Instructions for the task -> Your copy should match the records exactly, apart from the pictures, which stay out.

Records for the task Start Marker

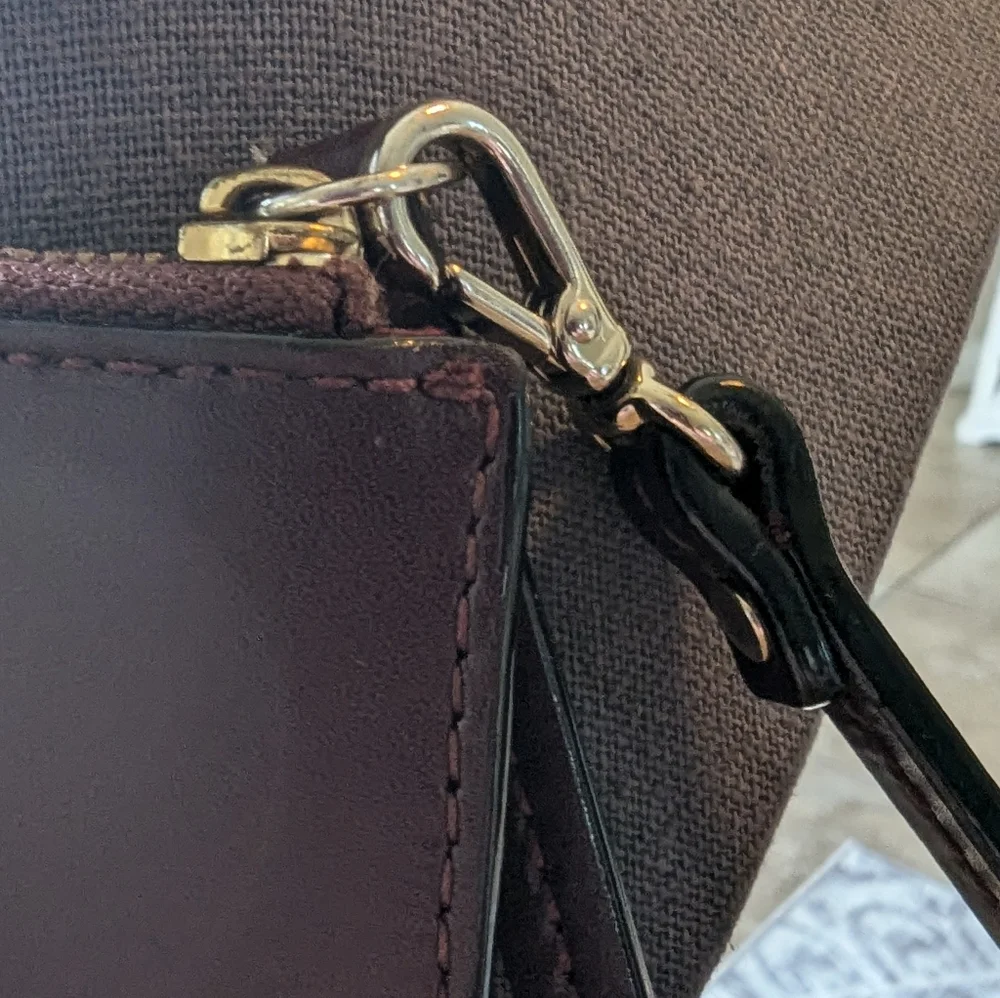 Kate Spade Stacy Wristlet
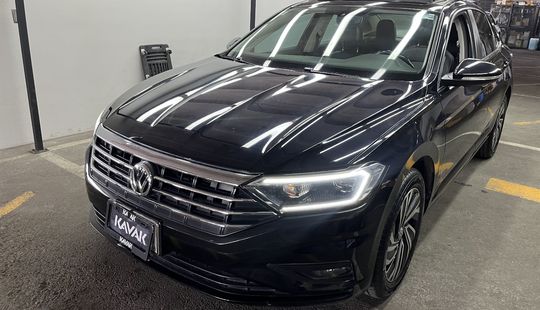 Volkswagen • Jetta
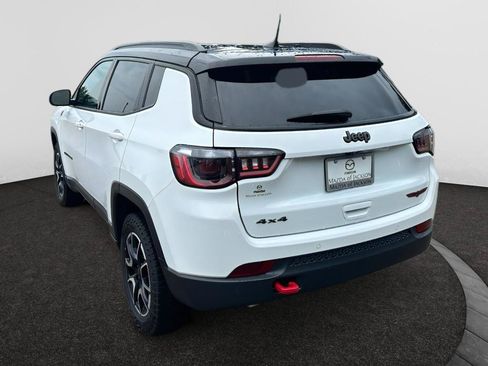 Used 2025 Jeep Compass Trailhawk AWD/4WD image 3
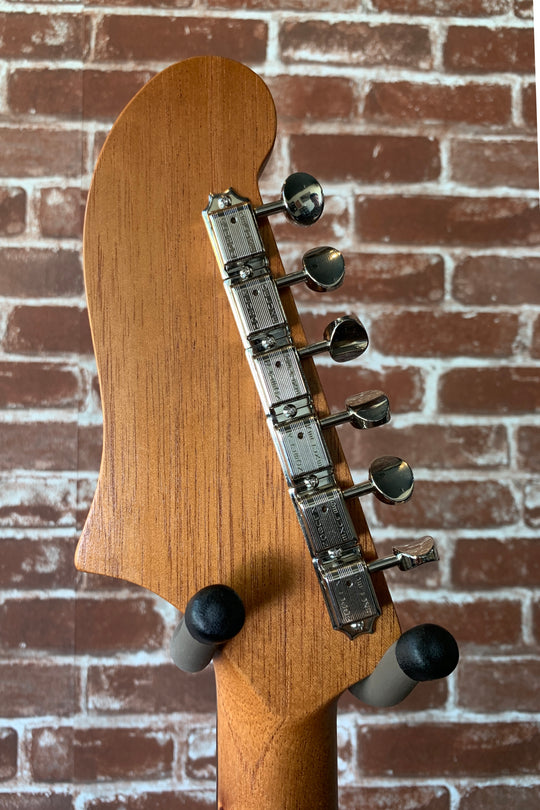 Bilt Relevator LS Floating Vibrato 2019 Natural Tinted Western Red Cedar.   "Authorized Bilt Dealer"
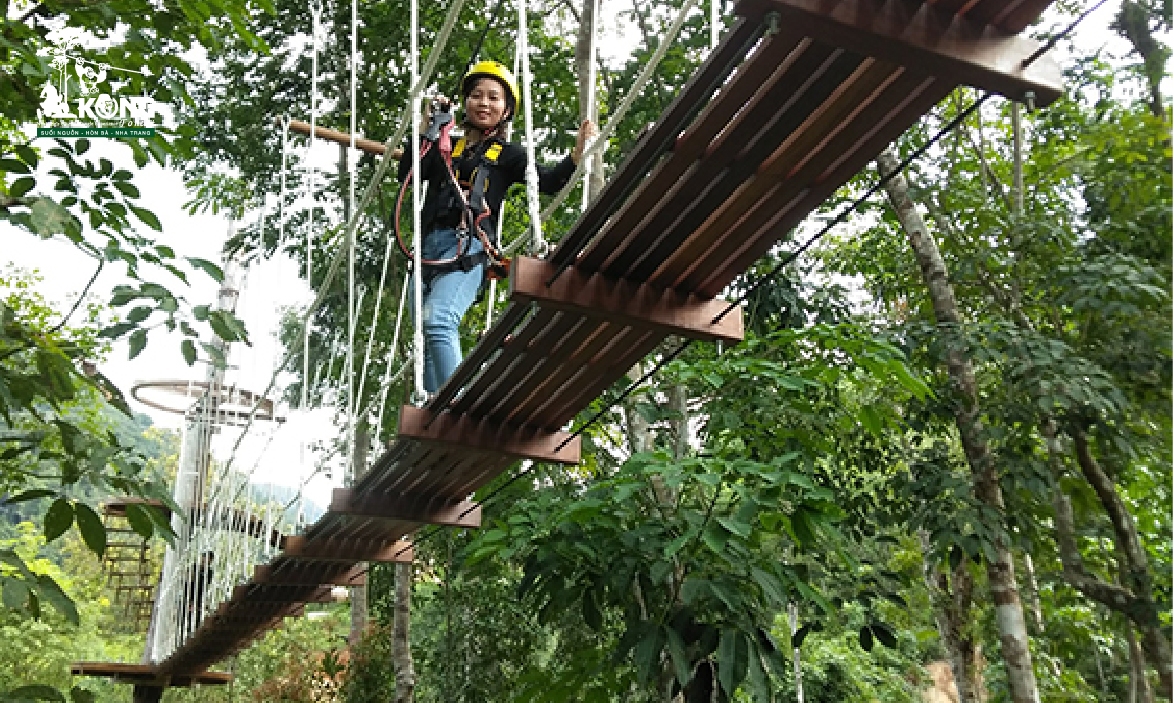 Combo 1: Trượt cáp trong rừng ( Zipline Canopy Tour) và lái xe địa hình trong rừng ( ATV Extreme Tour)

Records for the task End Marker

Exercise output ->
 Kate Spade Stacy Wristlet
 Volkswagen • Jetta
 Used 2025 Jeep Compass Trailhawk AWD/4WD image 3
 Bilt Relevator LS Floating Vibrato 2019 Natural Tinted Western Red Cedar.   "Authorized Bilt Dealer"
 Combo 1: Trượt cáp trong rừng ( Zipline Canopy Tour) và lái xe địa hình trong rừng ( ATV Extreme Tour)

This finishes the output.